We're Moving!

The Vertica Forum is moving to a new OpenText Analytics Database (Vertica) Community.

Join us there to post discussion topics, learn about

product releases, share tips, access the blog, and much more.

Create My New Community Account Now


Statistics for the epoch column — Vertica Forum

Statistics for the epoch column

yamakawayamakawa Vertica Customer

Thank you for all your help.

Premise

  • Currently we are loading Vertica tables using the COPY command.
    Vertica tables are reference only and not updated.
    (Deletion by truncate may be performed)

  • After the load process, use select analyze_statistics('public.table_name', 10);.

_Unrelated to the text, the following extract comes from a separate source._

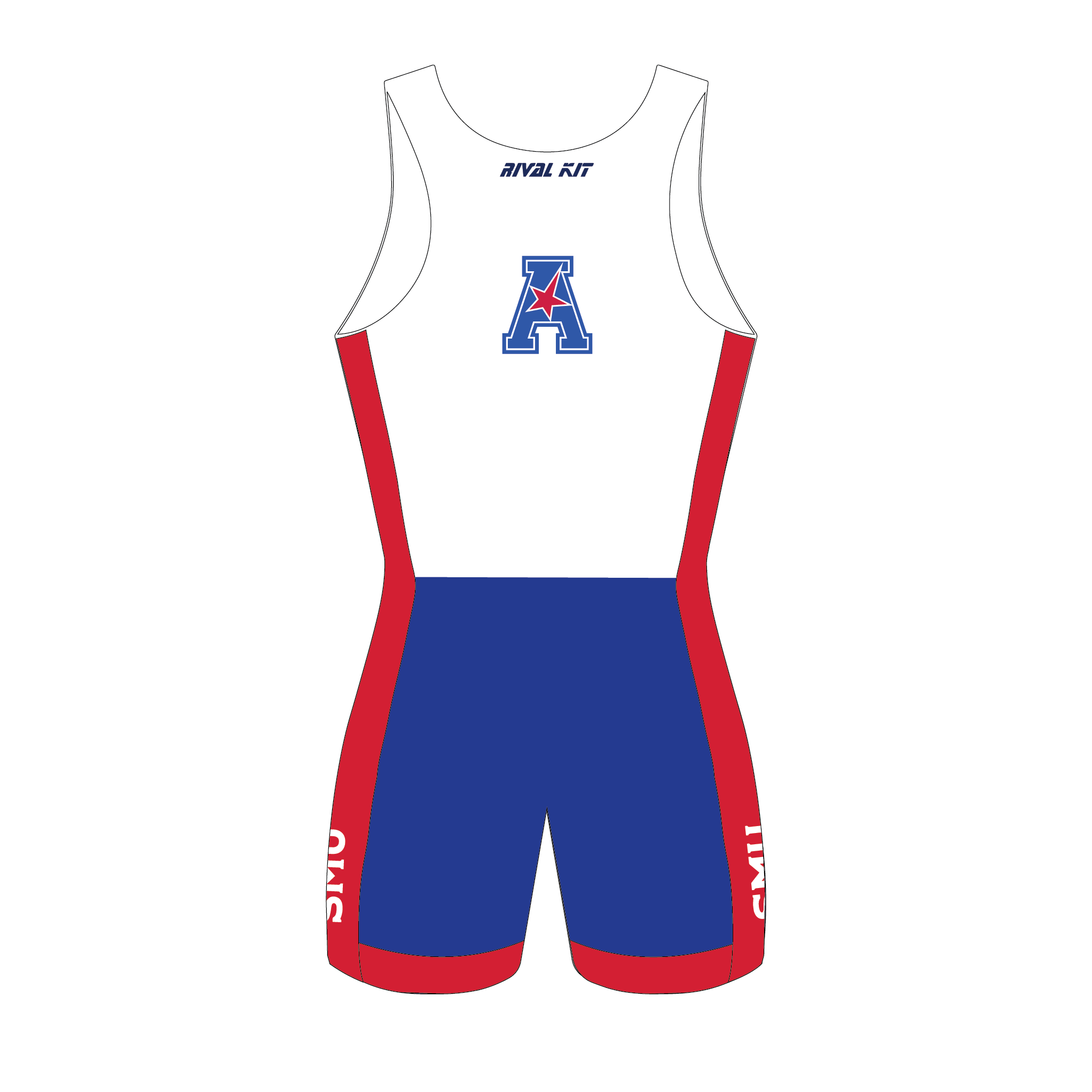 Southern Methodist University Racing AIO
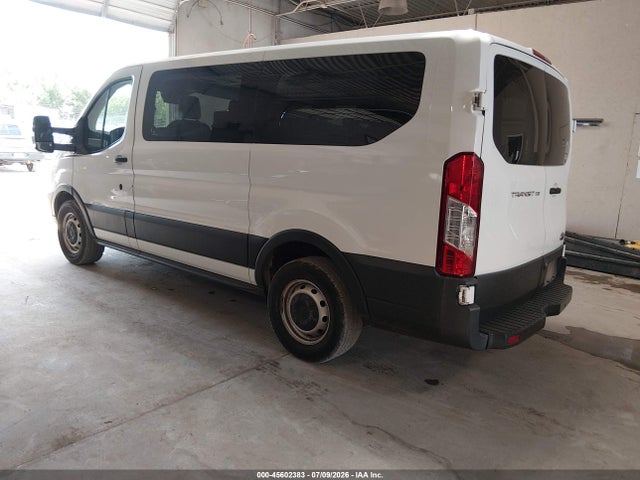 Ford Transit-150 Xl 2019 1FMZK1YM3KKB32008 Image 3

  • The WLA is automatically executed at 18:00 every day.

The phenomenon

When I checked today after my vacation, the following messages were output to Workload Analyzer.

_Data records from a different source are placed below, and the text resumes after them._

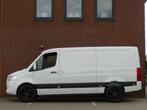 Mercedes-Benz Sprinter 314 CDI L2H1 2800KG Trekhaak gewicht, Achterwielaandrijving, Gebruikt, Euro 6, Wit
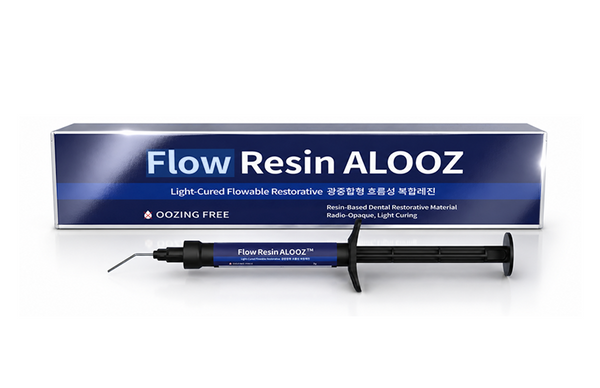 Flow Resin ALOOZ Box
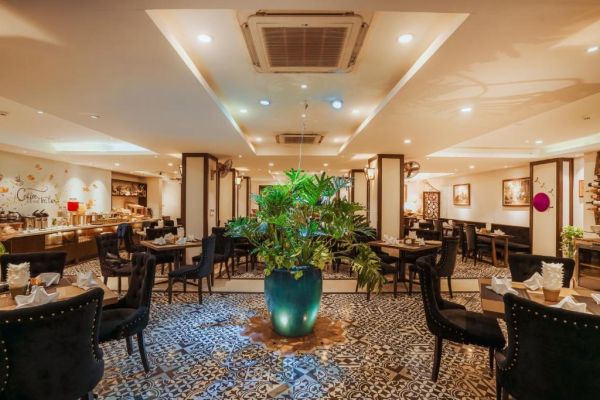 Thang Long Opera Hotel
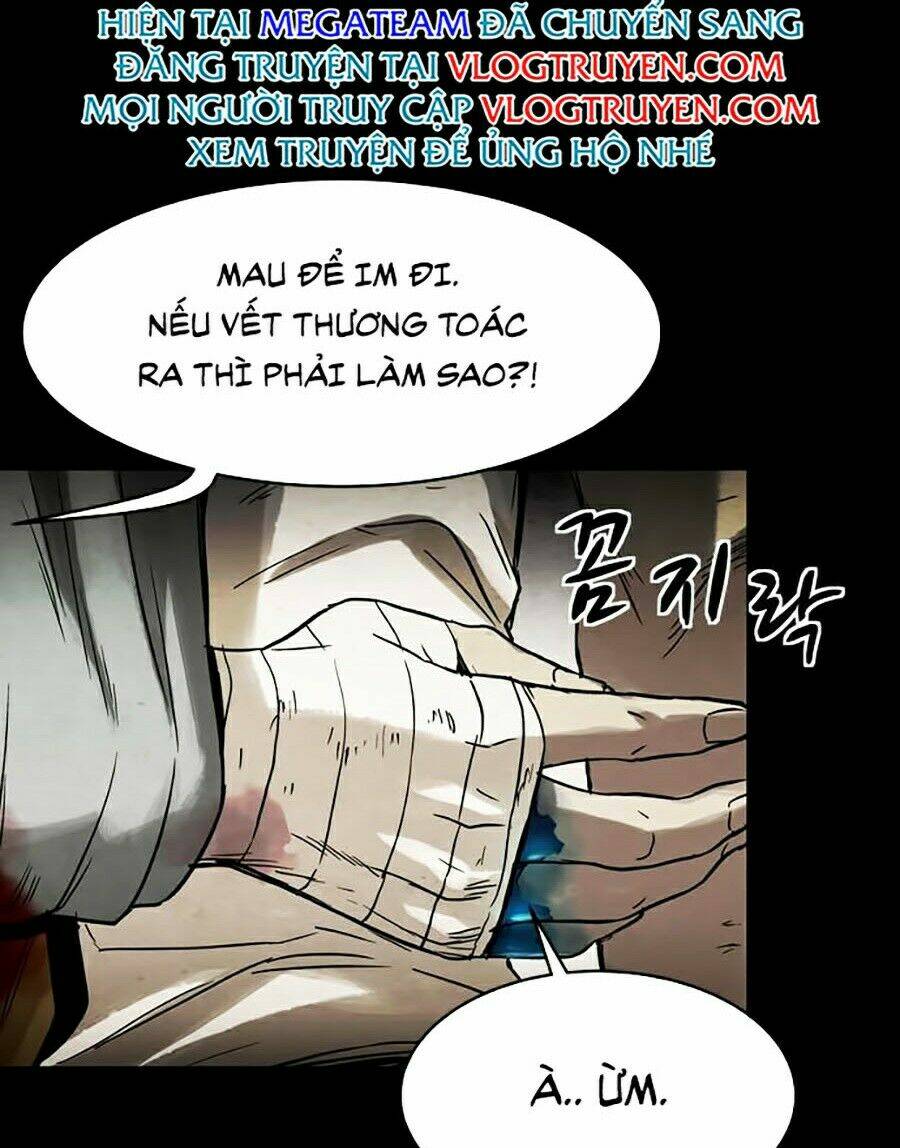 Mầm Chết Chapter 6 - AB Truyện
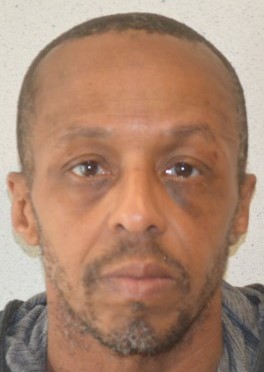 Photo of offender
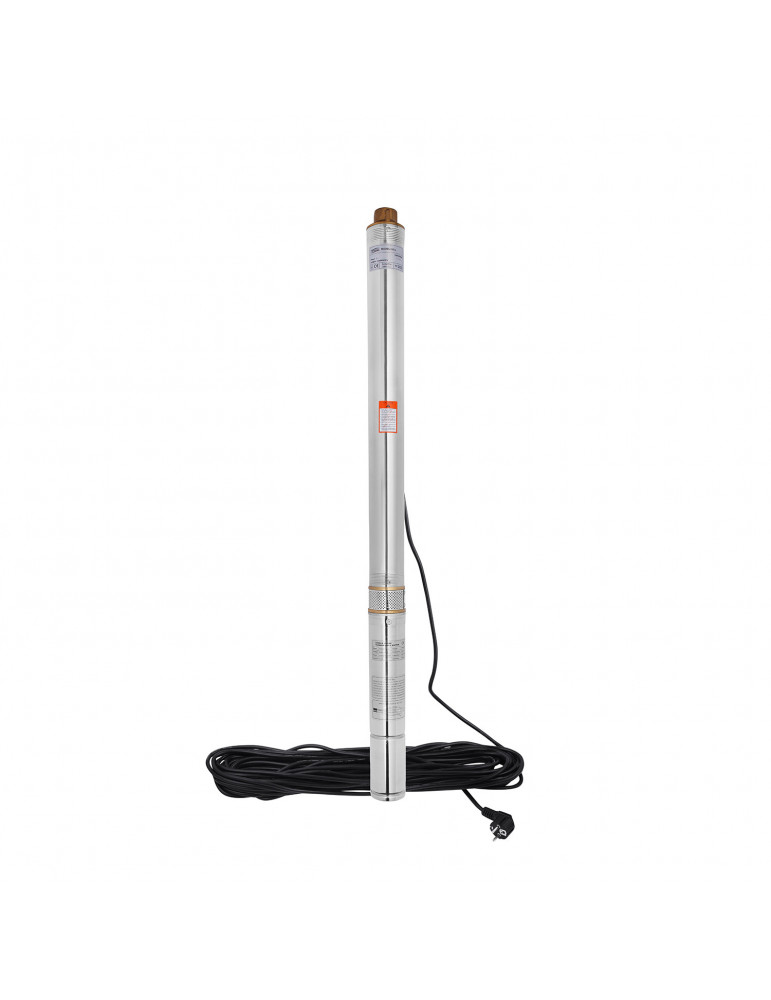 Насос глибинний Forwater 3SEm 140-1.1кВт  | купити | SilverGoose.com.ua.com.ua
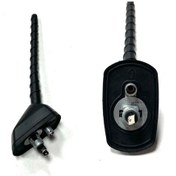 Resim Anten Accent Era 2006 2011/i30 2006 2009 Komple Yuvalı 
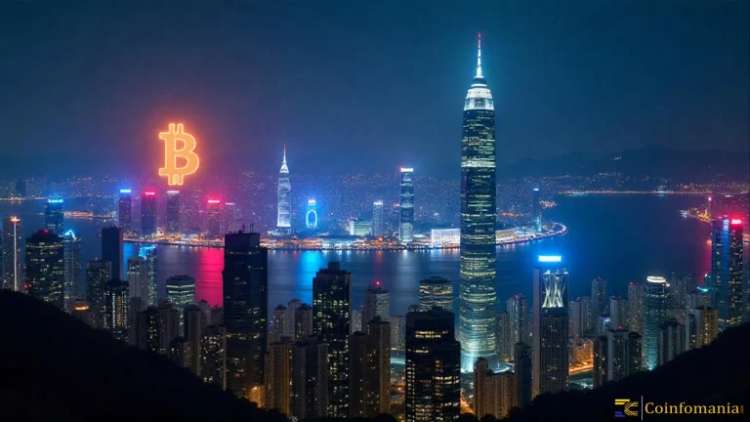 Hong Kong Unveils New Regulations to Become Asia’s Leading Bitcoin and Crypto Hub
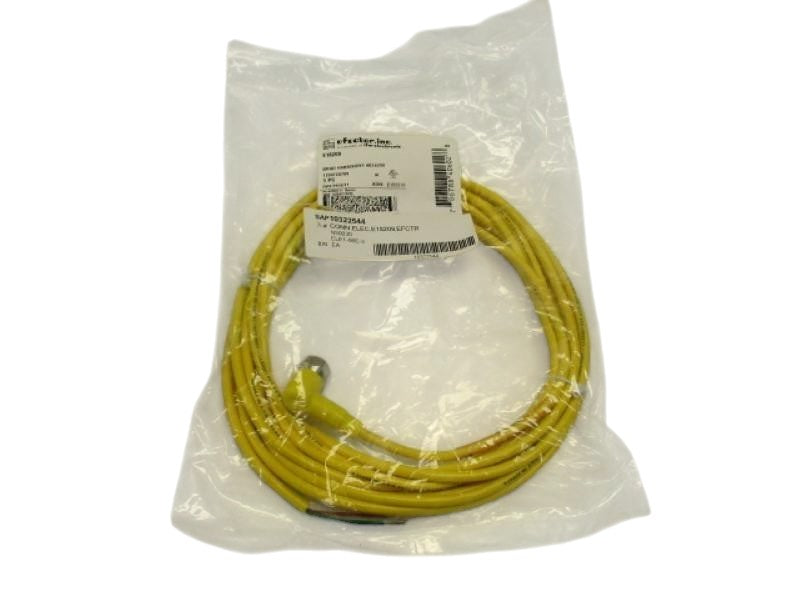 IFM EFECTOR 41307 E18209 CABLE  NSMP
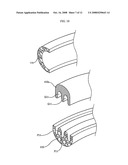 Steering wheel and method of manufacturing the same diagram and image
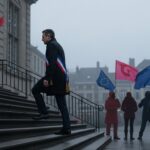 Roubaix : Nouveau Maire à 4 Mois des Municipales 2026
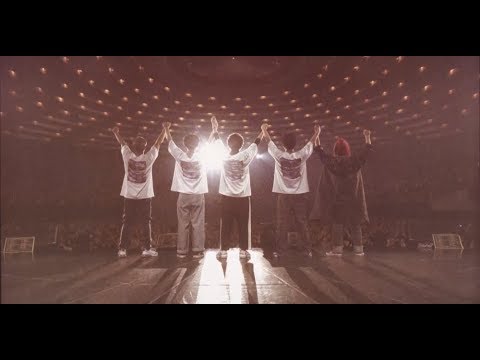 Da-iCE -「WELCOME！」Official Video（東建コーポレーション“ホームメイト”TVCM曲）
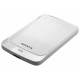 PHD External 2.5'' ADATA USB 3.1 HV320 1TB Slim White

analyze statistics on table column public.table_name.column_name

When I checked the details, I found that most of them were for the epoch column.

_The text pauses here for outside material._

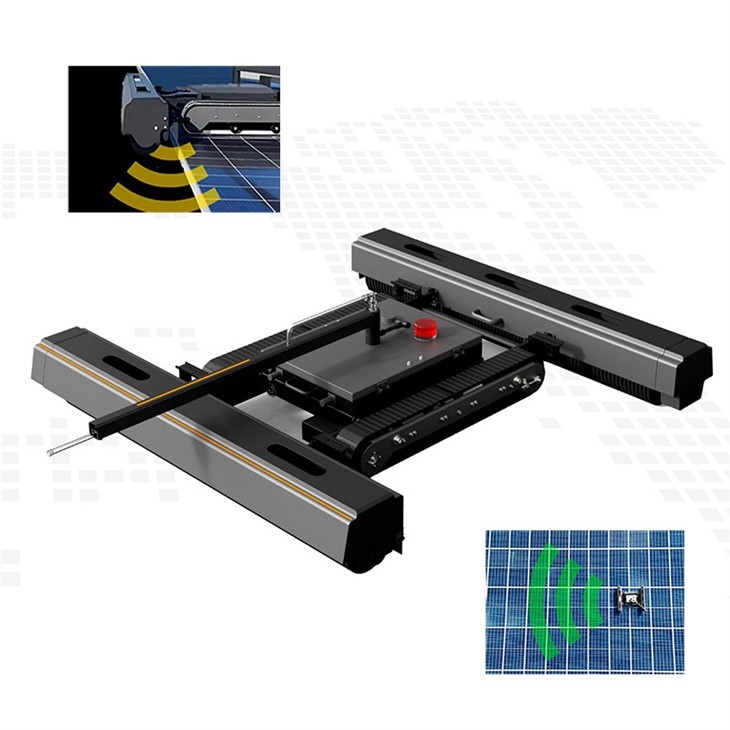 Solar Cleaning Machine_02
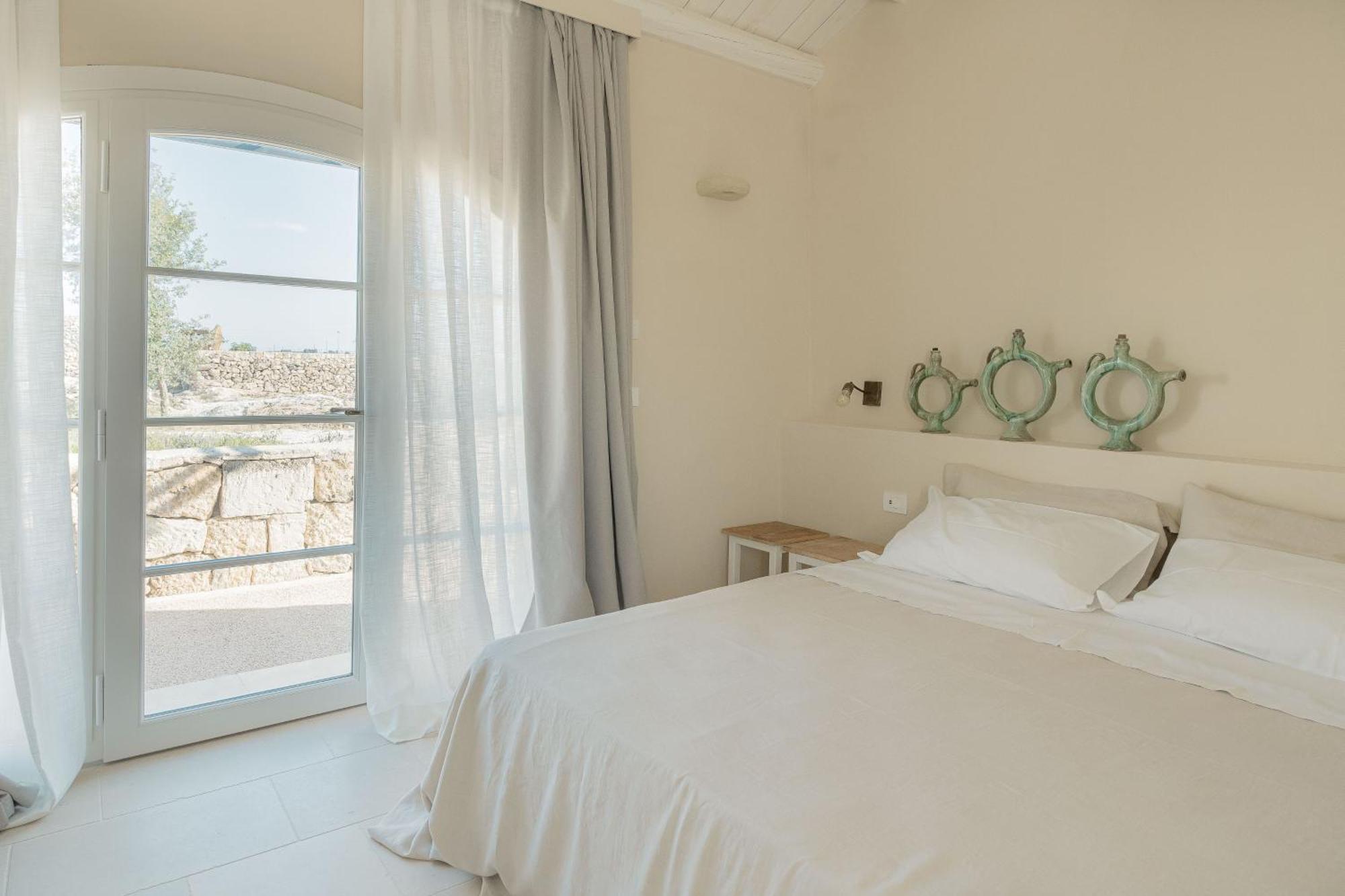 Masseria Vaccaro By Raro - Self Check-in Hotel Brindisi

The statistics on table column public.table_name.column_name
Is it possible that the statistics of the epoch column are not retrieved by simply retrieving the statistics when the table is loaded?

I will try to retrieve the statistics again according to the Management Console.
If you know the cause of the output, please reply.

Answers

  • Jim_KnicelyJim_Knicely - Select Field - Administrator
    edited January 2021

    Pretty sure that Vertica does not collect stats on the Epoch columns in projections.

    The WLA rule is simply querying the dc_optimizer_events for PREDICATE OUTSIDE HISTOGRAM anf NO HISTOGRAM events.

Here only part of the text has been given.